First, we try to deny it.  We can't be competent when we recall that time we brushed our teeth with skin cream.  We've got all these things we do terribly wrong in our lives, or the right things we never did.  We cannot, simply, be competent.

This phases passes as, with heavy hearts, we realize everyone does boneheaded things.  The great minds of history probably screwed up things at some point anyway.

The next phase, once we accept the burden of being reasonably competent humans is to look back on our lives.  This results in us listing our many screw-ups of past months, years, and decades.  This listing can go on for some time, and may be convincing enough for some people to go back to assuming they're really not that competent.

This state doesn't always last.  Usually people go on and accept that they may indeed be competent as they got this far despite their own ridiculous mistakes, and perhaps can prevent such mistakes in the future or fix ones made in the past.  They realize they're not so bad.

The present and past accepted by the person suddenly burdened with the realization of their own aptitude, they then focus on the future, and feel a sudden terror of how bad it will be.  Clearly with their current lousy plans and ridiculous ideas, they're doing everything wrong.  They're standing on a great cliff overlooking an ocean of potential future idiocy.

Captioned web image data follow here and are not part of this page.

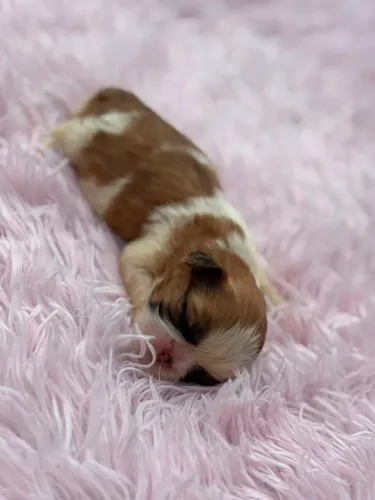Shihtzu micro fêmea disponível 
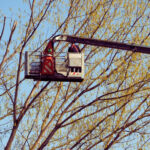 Tipurile de nacele – utilaje pentru lucrări la înălțime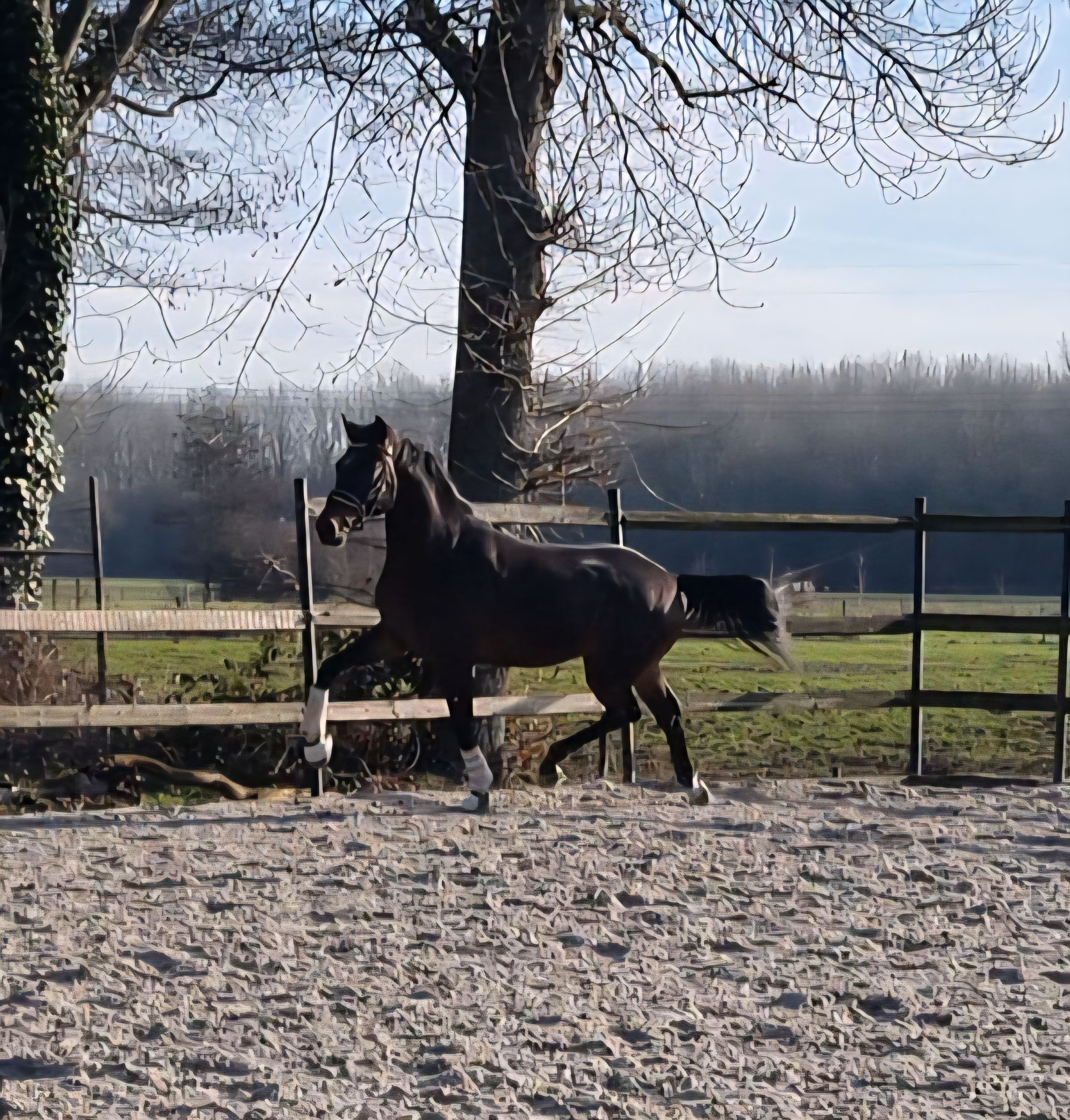 kwpn dressuurpaard hengst 3 anni donkerbruin in vendita - Foto 4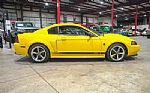 2004 Mustang Mach 1 Thumbnail 10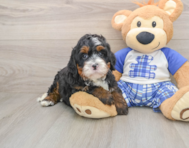 7 week old Mini Bernedoodle Puppy For Sale - Premier Pups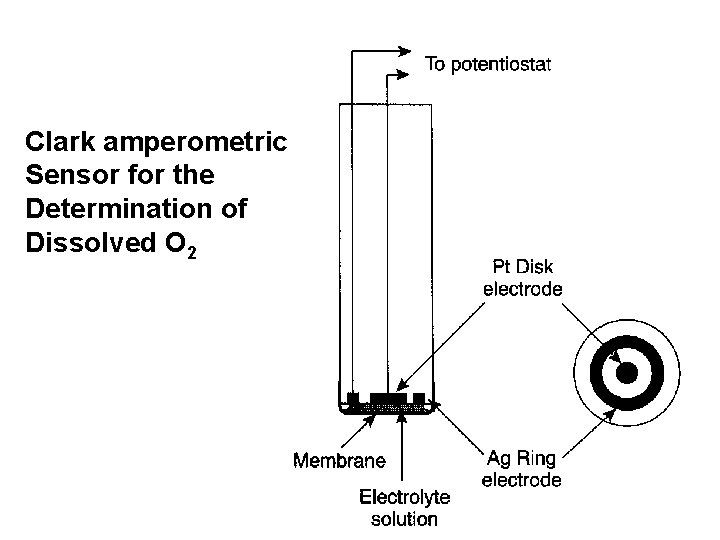 Clark amperometric Sensor for the Determination of Dissolved O 2 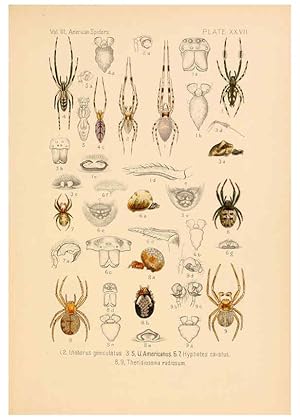 Imagen del vendedor de Reproduccin/Reproduction 5985266984: American spiders and their spinningwork. V.3 Academy of natural sciences of Philadelphia,1889-93 a la venta por EL BOLETIN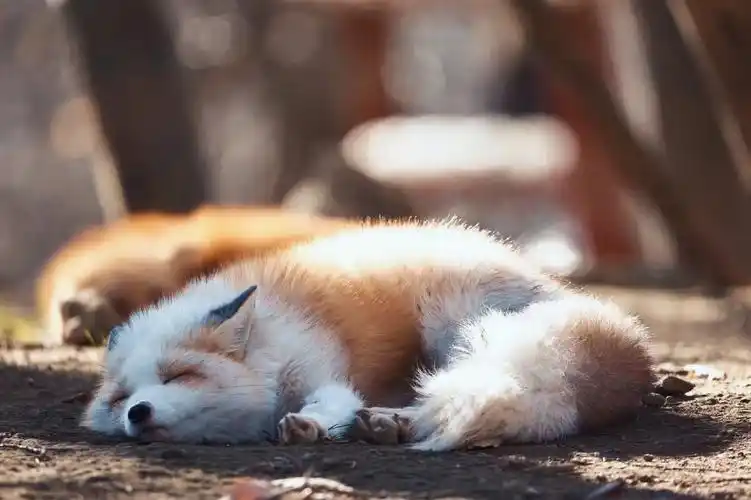 陶醉的小狐狸 - 有趣的宠物2453144796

At this point the poor victim of self-realization finds they must accept that their own competence may mean they won't mess the future up.  Yes, there's much they can and should do different.  Our current plans are not sufficient, but if we are as competent as we dread we are, we can change that.

Finally, the competent person wonders if they really are somehow both competent and stupid.  They indeed can do the right thing, but often haven't and certainly didn't plan to in the future.  In time, they usually realize everyone can be that way.

Thus, finally, the poor soul accepts their own ability to actually get things done.

So, buck up.  You are quite likely competent, and it's OK to accept that.  You can, despite past mistakes, current idiocies, and badly-made plans for the future, get it together.  Stop dreading your competence and accept it.

It's the only way you can deal with it.